LÍNGUA DE GATO: TÁ NO GATO, TÁ NO CHOCOLATE… E AGORA TÁ LIBERADO
Uma decisão recente da Justiça Federal movimentou o mercado de propriedade intelectual e trouxe reflexões importantes para quem atua com branding e estratégia de marcas. Em abril de 2025, o Tribunal Regional Federal da 2ª Região (TRF2) decidiu que a tradicional expressão “Língua de Gato” não poderia ser de uso exclusivo da marca Kopenhagen.
A disputa judicial teve início quando a Cacau Show, por meio de sua controladora Allshow, questionou o registro da marca “Língua de Gato” concedido à Kopenhagen pelo Instituto Nacional da Propriedade Industrial (INPI). Alegou-se que o termo é uma expressão genérica, utilizada internacionalmente desde o século XIX para designar chocolates com formato alongado, achatado e com pontas arredondadas — semelhante à língua de um gato e, portanto, não poderia ser apropriado por uma única empresa.

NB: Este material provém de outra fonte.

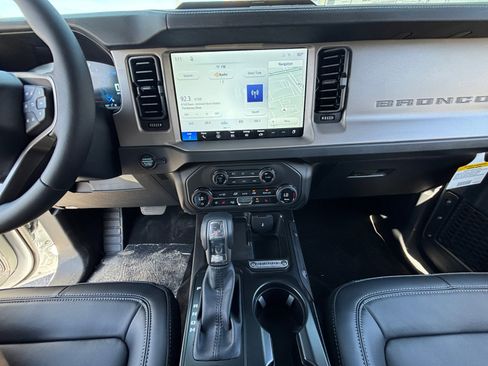 New 2026 Ford Bronco Outer Banks image 20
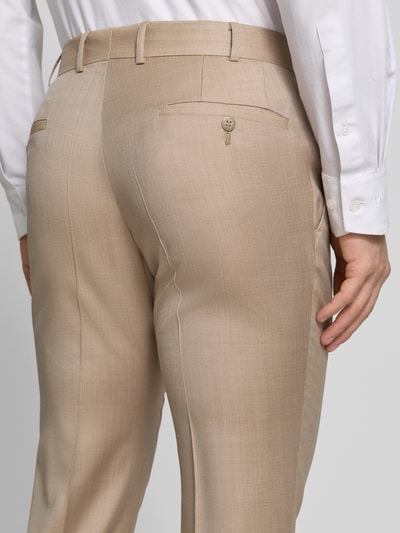 Männermodel trägt Anzughose aus Schurwolle mit Bügelfalten von Wilvorst in Beige, Slim-Fit, Gesäßtaschen, Detailaufnahme Rückansicht. Bundweite bei Größe 50: 44 cm, Innenbeinlänge: 85 cm, feiner Anzug-Stoff:.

Confesso que, particularmente, sempre imaginei que “Língua de Gato” fosse uma criação distintiva da Kopenhagen. Jamais me ocorreu que o termo tivesse raízes tão antigas e, menos ainda, que se tratasse de uma expressão descritiva com significado próprio no universo dos chocolates. Essa constatação mostra o quanto a história das marcas pode ser surpreendente e como a percepção do consumidor nem sempre reflete a natureza jurídica dos sinais distintivos.
A origem da expressão, aliás, remonta à Alemanha do século XIX. Naquela época, fabricantes de chocolate passaram a produzir pequenas barras com formato comprido, fino e levemente curvado, batizadas de “Katzenzunge”, que, em tradução literal, significa “língua de gato”. O termo rapidamente se popularizou na Europa como nome genérico para esse tipo de produto, independentemente da marca. Com o tempo, atravessou fronteiras e chegou ao Brasil, onde foi adotado pela Kopenhagen na década de 1940.
Na decisão, o tribunal ressaltou que permitir a exclusividade da expressão comprometeria a livre concorrência e impediria que outras empresas utilizassem um termo historicamente associado a uma categoria de produto. Com isso, o registro da marca foi anulado, permitindo que outras fabricantes também possam usar “Língua de Gato” para descrever chocolates com o formato característico.
A decisão estabelece um precedente importante para o setor, especialmente no que diz respeito à proteção de termos descritivos ou de uso comum. Ela reforça a importância de atenção redobrada na escolha de nomes de marcas: quanto mais distintivo e único for o sinal, maior será a proteção jurídica e menor o risco de perda da exclusividade no futuro.
Mais do que nunca, o caso da “Língua de Gato” reforça que a força de uma marca vai muito além do nome. Ela está na forma como a empresa se comunica, na experiência que entrega e na conexão que estabelece com seu público. Identidade visual consistente, narrativas bem construídas e valores claros ajudam a sustentar o valor de mercado, mesmo quando o nome deixa de ser exclusivo do ponto de vista jurídico.
Este episódio é um lembrete de que, no mundo das marcas, tradição e reconhecimento popular nem sempre garantem proteção legal e que conhecer a origem e o significado dos termos utilizados é parte essencial de qualquer estratégia de branding.